Hahaha. Awesome boat..
Gotta love the twin 15 inchers on the helm.


----------



## donaken (Nov 25, 2010)

Matt...does that pic reflect a forward, mid and aft tank setup? Just curious looking at the fuel load, assume it drains centrif from for and mid to main...lol guess half the fun is getting to know her and what she likes


----------



## TxRedman (Oct 22, 2013)

Looks like a perfect match. Congrats!

I got my first blue water taste a few weeks ago and now I got the bug. I'm a noob on the blue water but avid inshore, if you're ever looking for crew I have cash, I'm my boss and my wife hopes I'll get lost at sea so she can collect on the insurance  I'm kidding.. At least I think I'm kidding..


----------



## mako (Nov 10, 2004)

donaken said:


> Matt...does that pic reflect a forward, mid and aft tank setup? Just curious looking at the fuel load, assume it drains centrif from for and mid to main...lol guess half the fun is getting to know her and what she likes


 Contender typically builds a center tank with large saddles with individual valve, but I don't have any experience with the 35st so I may be corrected.


----------



## Friendswoodmatt (Feb 22, 2005)

mako is right I believe


----------



## Skuff Daddy (Aug 22, 2009)

Sweet Ride Bro!!!
I can't wait got a few more years gotta get the kiddos out of college and then I can start shopping.


----------



## sea sick (Feb 9, 2006)

Looks great. Love the head ache rack and all the rod holders.
If you call contender with your hull # they will give you exact specs on all your tanks including fresh water.


----------



## jgale (Mar 4, 2011)

Looks like a helluva ride! Congrats on the new sled!


----------



## Mad Hatter (Apr 7, 2015)

Awesome boat!


----------



## Anthony C (Jun 20, 2008)

Heck of a fishing rig and set up great! Congrats!!!


----------



## Friendswoodmatt (Feb 22, 2005)

Thanks guys survey tommorow keeping fingers crossed she is as repd

Sent from my XT1080 using Tapatalk


----------



## SeaJay33 (Dec 6, 2010)

Matt, that's awesome! Hope all goes well with the survey. 

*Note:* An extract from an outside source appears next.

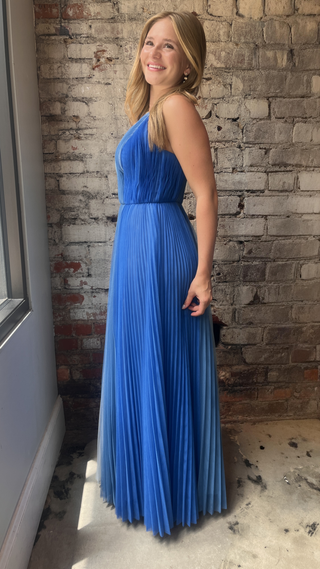Hutch Pleated Ombre Maxi Dress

Let us know if you are doing a family trip next snapper season and I'll dust off our offshore gear.


----------



## Friendswoodmatt (Feb 22, 2005)

We will

Sent from my XT1080 using Tapatalk


----------



## Friendswoodmatt (Feb 22, 2005)

I am not buying the boat -- its was not represented correctly-- not even close-- and as such I backed away from the table
the search continues


----------



## saltaholic (Feb 19, 2005)

What happened?


.


----------



## BadBob (Dec 16, 2010)

uh oh


----------



## Friendswoodmatt (Feb 22, 2005)

Not going to post in public forum. Boat was not as repd

Sent from my XT1080 using Tapatalk


----------



## saltaholic (Feb 19, 2005)

Understood 

Sucks but you will find one 


.


----------



## rringstaff (Jul 25, 2014)

Friendswoodmatt said:


> I am not buying the boat -- its was not represented correctly-- not even close-- and as such I backed away from the table
> the search continues


that sucks.

Sorry to hear but if there is a good side, it's that you found out before you wrote the check.

Good luck in your search


----------



## freedbaby (Oct 22, 2009)

WOW...I got all excited reading the thread and then got here. Sorry to hear that Matt.


----------



## Friendswoodmatt (Feb 22, 2005)

you and me both-- but i have another couple i am getting close on-- wont be long now i think


----------